Sementara itu, pasukan Sekutu mulai ditarik mundur dari Indonesia secara berangsur-angsur. Pada November 1946, seluruh pasukan Sekutu telah meninggalkan Indonesia.


Isi Perjanjian Linggarjati

Setelah kedua perundingan pendahuluan tersebut, sejak 10 November 1946, diadakan perundingan baru yang bertempat di Linggajati (Cirebon). Perundingan ini dipimpin oleh Lord Killearn. Pada 15 November 1946, naskah persetujuan itu ditandatangani oleh kedua belah pihak. Hasil perundingan itu adalah sebagai berikut. 

  1. Belanda mengakui secara de facto Republik Indonesia dengan wilayah kekuasaan yang meliputi Sumatra, Jawa, dan Madura. Selanjutnya, Belanda akan meninggalkan daerah de facto itu selambat-lambatnya pada 1 Januari 1949, 
  2. RI dan Belanda akan bekerja sama dalam membentuk Negara Indonesia Serikat dengan nama Republik Indonesia Serikat (RIS). 
  3. RIS dan Belanda akan membentuk Uni Indonesia Belanda dengan Ratu Belanda sebagai ketuanya.

Pada 25 Maret 1947, Perjanjian Linggajati ditandatangani di Istana Rijswijk (Istana Negara) Jakarta Pusat.
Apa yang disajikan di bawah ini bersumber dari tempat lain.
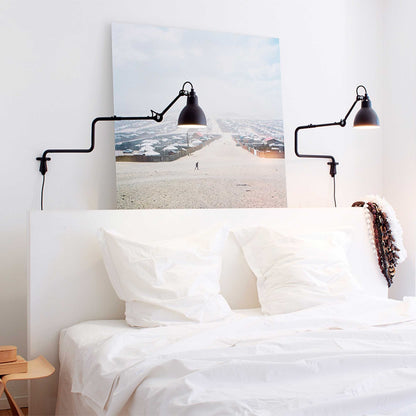 DCW éditions Lampe Gras N°303 E14 fali lámpa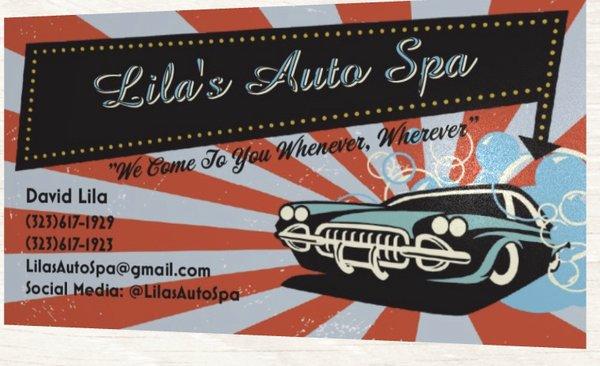 Lila's Auto Spa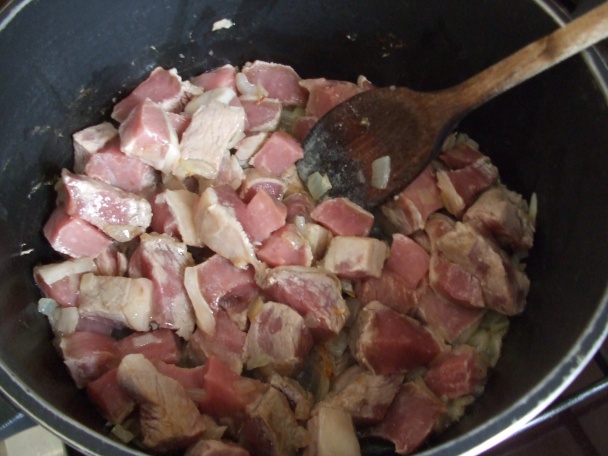 Vepřové dušené se smetanovou mrkví na sladkokyselo (fotorecept) - obrázok 3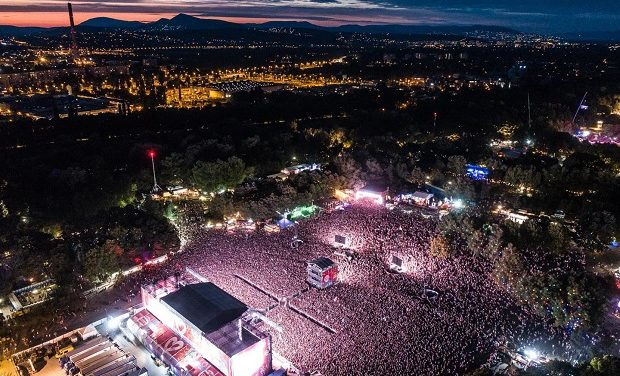 Már lehet készülni a jövő évi Szigetre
Beberapa hari setelah penandatanganan Perjanjian Linggajati, pemerintah Inggris mengumumkan pengakuannya secara de facto terhadap Republik Indonesia. Tidak lama kemudian, pemerintah Amerika Serikat mengikuti jejak Inggris menyampaikan pengakuan de facto terhadap RI yang meliputi daerah Sumatra, Jawa, dan Madura.


Dampak Perjanjian Linggarjati

Selain memicu Agresi Militer Belanda I, perjanjian ini juga menimbulkan kontra di pihak internal Indonesia. Mengecilnya wilayah Indonesia sebagaimana tertuang pada poin 1 Perjanjian Linggarjati membuat banyak partai politik menentang hasil perjanjian tersebut. Mereka menganggap perundingan ini sebagai bukti melemahnya Tanah Air.
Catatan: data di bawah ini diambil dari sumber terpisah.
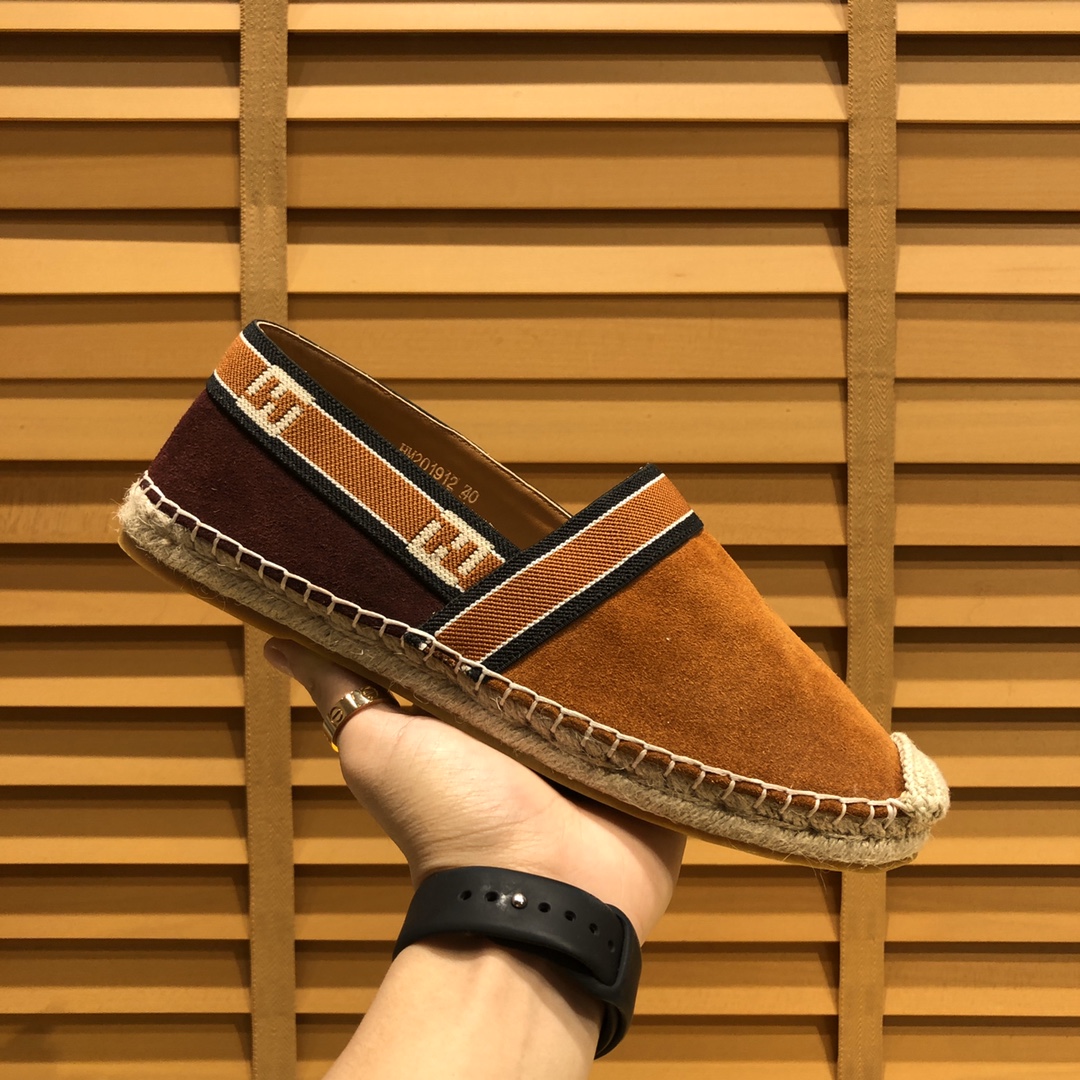 Fendi Espadrilles Sneakers 11 - vstockx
Bahkan, Sutan Syahrir yang kala itu mewakili Indonesia di Perundingan Linggarjati, dikecam sebagai penjual negara.  Tak hanya dari pihak Indonesia, kesalahpahaman juga muncul dari pihak Belanda.

Mereka awalnya menganggap bahwa daerah selain Jawa, Sumatra, dan Madura bakal dijadikan negara federal.  Namun, Indonesia tak menganggap demikian. Indonesia berpikir wilayah selain Jawa, Sumatra, dan Madura akan dibiarkan begitu saja tanpa perlu dijadikan negara federal.

Kesalahpahaman inilah yang membuat Belanda naik pitam hingga meluncurkan serangan Agresi Militer I.  Itulah kisah di balik Perjanjian Linggarjati yang menjadi titik awal diplomasi Indonesia. Dari penjelasan di atas, dapat disimpulkan bahwa perjanjian tersebut tak berlangsung mulus. Sebab, Indonesia dan Belanda tidak menemukan kesepakatan.